An eight-week layoff was no problem for Audible, who will take a four-race winning streak into the Triple Crown campaign that starts at Churchill Downs on May 5. He finished the 1 1/8 miles at Gulfstream Park in 1:49.48, and delivered the fifth Florida Derby win to both jockey John Velazquez and trainer Todd Pletcher.
And now, barring some sort of problem, it's off to Churchill Downs.
"If he comes out of it well, that's our goal," Pletcher said.
Recent history says that Audible will now have a great chance at the Kentucky Derby. Each of the last two Florida Derby winners — Always Dreaming last year and Nyquist in 2016 — went on to win the Run for the Roses.
Hofburg was second, Mississippi took third and Catholic Boy — the second choice in the betting behind only Audible, who was sent off at 8-5 odds — was fourth.
"I think we're all pleased," said Bill Mott, Hofburg's trainer. "Naturally, winning would have been the only thing that would have been better but he ran well and he galloped out well."
The win gave Audible 100 points in the Kentucky Derby standings, far more than enough to clinch his spot in the field. Hofburg is almost certainly assured a spot as well.
It was a big day for Audible — and maybe even a bigger day for Gulfstream Park, which had a record single-day handle of $49,909,070. That was $8 million more than any other day in Gulfstream history, and nearly $18 million more than Florida Derby day a year ago.
"A truly special day," Gulfstream Park general manager Bill Badgett said.
Promises Fulfilled, the Fountain of Youth winner at Gulfstream earlier this month, went right to the lead out of the gate, as did Strike Power. They set a blazing early fraction, while the other seven starters merely sat back and waited for the initial speed to fade.
Audible waited outside a cluster of four horses, and began his big move near the far turn.
By the time they were in the final straightaway, it was over.
"I was a little worried when they turned up the backside, because we got into the first turn in exactly the position we wanted to get into," Pletcher said. "And then he kind of fell back a little bit and I was a little bit worried because that's normally not Johnny's style to let one kind of drop back that far. But once he found his rhythm on the back side, I felt much better."

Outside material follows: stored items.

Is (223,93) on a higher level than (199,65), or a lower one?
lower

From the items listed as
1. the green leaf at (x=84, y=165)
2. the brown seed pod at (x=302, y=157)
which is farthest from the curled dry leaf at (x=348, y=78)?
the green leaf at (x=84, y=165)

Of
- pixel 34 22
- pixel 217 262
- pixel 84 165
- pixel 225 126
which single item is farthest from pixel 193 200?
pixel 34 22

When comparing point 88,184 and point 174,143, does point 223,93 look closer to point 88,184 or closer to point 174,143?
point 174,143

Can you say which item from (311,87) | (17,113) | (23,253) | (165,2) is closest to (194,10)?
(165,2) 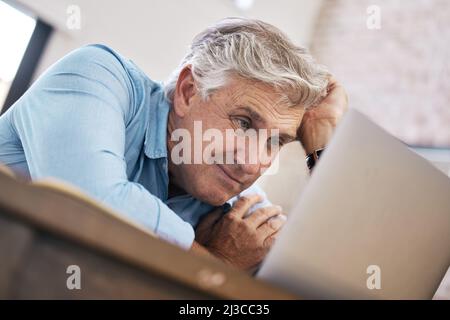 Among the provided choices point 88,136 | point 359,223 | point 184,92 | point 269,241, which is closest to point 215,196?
point 269,241

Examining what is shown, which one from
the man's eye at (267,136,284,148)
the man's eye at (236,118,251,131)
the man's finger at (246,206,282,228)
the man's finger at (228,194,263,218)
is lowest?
the man's finger at (228,194,263,218)

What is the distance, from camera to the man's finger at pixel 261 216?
1028mm

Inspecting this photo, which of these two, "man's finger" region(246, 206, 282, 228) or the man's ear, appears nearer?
"man's finger" region(246, 206, 282, 228)

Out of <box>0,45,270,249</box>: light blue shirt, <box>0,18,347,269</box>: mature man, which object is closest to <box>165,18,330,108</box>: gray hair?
<box>0,18,347,269</box>: mature man

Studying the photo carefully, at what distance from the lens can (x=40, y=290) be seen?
0.36 metres

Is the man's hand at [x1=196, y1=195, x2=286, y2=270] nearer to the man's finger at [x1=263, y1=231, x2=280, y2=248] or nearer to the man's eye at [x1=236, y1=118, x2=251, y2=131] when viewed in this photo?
the man's finger at [x1=263, y1=231, x2=280, y2=248]

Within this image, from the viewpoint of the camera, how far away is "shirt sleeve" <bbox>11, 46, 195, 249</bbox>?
A: 73 centimetres

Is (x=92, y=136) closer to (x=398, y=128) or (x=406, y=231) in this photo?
(x=406, y=231)

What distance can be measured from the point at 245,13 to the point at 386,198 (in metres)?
2.42

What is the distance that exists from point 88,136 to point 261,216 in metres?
0.44

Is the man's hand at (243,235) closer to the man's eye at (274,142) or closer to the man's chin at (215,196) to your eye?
the man's chin at (215,196)

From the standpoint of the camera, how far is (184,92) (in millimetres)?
1191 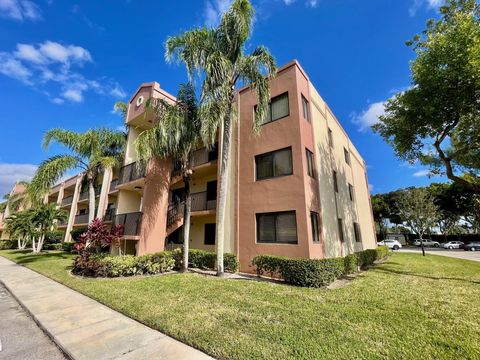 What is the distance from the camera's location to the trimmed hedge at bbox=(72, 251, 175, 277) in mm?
10992

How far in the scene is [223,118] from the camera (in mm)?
11352

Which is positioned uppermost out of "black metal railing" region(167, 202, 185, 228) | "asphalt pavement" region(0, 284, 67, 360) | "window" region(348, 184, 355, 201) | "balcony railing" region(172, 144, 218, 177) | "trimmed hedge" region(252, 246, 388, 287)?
"balcony railing" region(172, 144, 218, 177)

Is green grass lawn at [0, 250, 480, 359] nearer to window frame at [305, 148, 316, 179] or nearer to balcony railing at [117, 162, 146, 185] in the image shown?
window frame at [305, 148, 316, 179]

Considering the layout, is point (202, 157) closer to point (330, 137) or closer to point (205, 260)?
point (205, 260)

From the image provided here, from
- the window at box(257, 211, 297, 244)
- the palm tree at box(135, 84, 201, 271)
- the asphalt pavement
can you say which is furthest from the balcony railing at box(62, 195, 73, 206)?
the window at box(257, 211, 297, 244)

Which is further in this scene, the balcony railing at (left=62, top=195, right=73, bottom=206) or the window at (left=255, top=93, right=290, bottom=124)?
the balcony railing at (left=62, top=195, right=73, bottom=206)

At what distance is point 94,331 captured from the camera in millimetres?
5113

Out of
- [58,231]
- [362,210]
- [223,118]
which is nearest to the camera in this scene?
[223,118]

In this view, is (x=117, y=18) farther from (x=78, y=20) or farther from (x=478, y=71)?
(x=478, y=71)

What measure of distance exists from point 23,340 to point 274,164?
10.8m

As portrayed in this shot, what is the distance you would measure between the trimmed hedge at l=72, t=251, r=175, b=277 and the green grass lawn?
135 centimetres

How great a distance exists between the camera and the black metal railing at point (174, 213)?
15.7m

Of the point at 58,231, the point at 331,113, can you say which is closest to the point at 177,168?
the point at 331,113

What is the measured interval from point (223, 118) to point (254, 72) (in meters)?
2.60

Audible returned $5.20, $4 and $3.
"I used him a little too much going into the first turn but by the time I got to the backstretch I had to give him a little break where he got to be comfortable again and then he started rolling," Velazquez said. "I was pretty happy after that."
There were six stakes races on Saturday's card, including the Grade 2 Gulfstream Park Oaks — where former Louisville coach Rick Pitino found himself in the winner's circle.

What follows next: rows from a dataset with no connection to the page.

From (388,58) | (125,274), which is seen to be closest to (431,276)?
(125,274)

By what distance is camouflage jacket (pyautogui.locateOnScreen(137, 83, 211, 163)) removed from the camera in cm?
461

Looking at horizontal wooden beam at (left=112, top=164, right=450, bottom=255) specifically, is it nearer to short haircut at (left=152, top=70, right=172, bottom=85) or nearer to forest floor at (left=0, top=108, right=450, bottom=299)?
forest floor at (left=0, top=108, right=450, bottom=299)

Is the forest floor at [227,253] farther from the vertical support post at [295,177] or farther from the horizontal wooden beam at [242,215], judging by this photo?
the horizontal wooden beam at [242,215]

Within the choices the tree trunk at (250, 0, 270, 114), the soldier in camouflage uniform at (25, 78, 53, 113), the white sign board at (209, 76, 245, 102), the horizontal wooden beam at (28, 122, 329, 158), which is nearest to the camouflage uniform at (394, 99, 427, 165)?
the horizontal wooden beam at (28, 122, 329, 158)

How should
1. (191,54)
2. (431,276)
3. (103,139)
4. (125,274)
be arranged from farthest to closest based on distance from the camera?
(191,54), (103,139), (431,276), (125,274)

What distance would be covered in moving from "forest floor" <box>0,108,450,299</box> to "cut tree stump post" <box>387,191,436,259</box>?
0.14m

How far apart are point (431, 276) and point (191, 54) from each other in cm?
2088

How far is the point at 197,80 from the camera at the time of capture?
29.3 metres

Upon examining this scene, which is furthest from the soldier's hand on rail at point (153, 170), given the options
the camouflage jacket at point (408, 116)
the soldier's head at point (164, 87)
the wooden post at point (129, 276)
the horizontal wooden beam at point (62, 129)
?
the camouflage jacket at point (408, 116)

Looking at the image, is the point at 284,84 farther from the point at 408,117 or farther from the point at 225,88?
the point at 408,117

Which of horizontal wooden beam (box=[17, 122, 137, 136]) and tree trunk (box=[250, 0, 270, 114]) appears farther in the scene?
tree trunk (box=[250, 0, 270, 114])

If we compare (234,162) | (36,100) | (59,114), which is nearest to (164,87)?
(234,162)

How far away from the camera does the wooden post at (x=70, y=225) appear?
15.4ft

He's part of the ownership for Coach Rocks, which won the race and now will be heading to the Kentucky Oaks on May 4, the day before the Kentucky Derby.
Pitino, however, says he won't be there. He's vowed not to return to Kentucky because he's still upset over his firing by Louisville.
"I'm not going to go to Kentucky for the Oaks, but my partners are," Pitino said in the winner's circle. "But I feel absolutely awesome."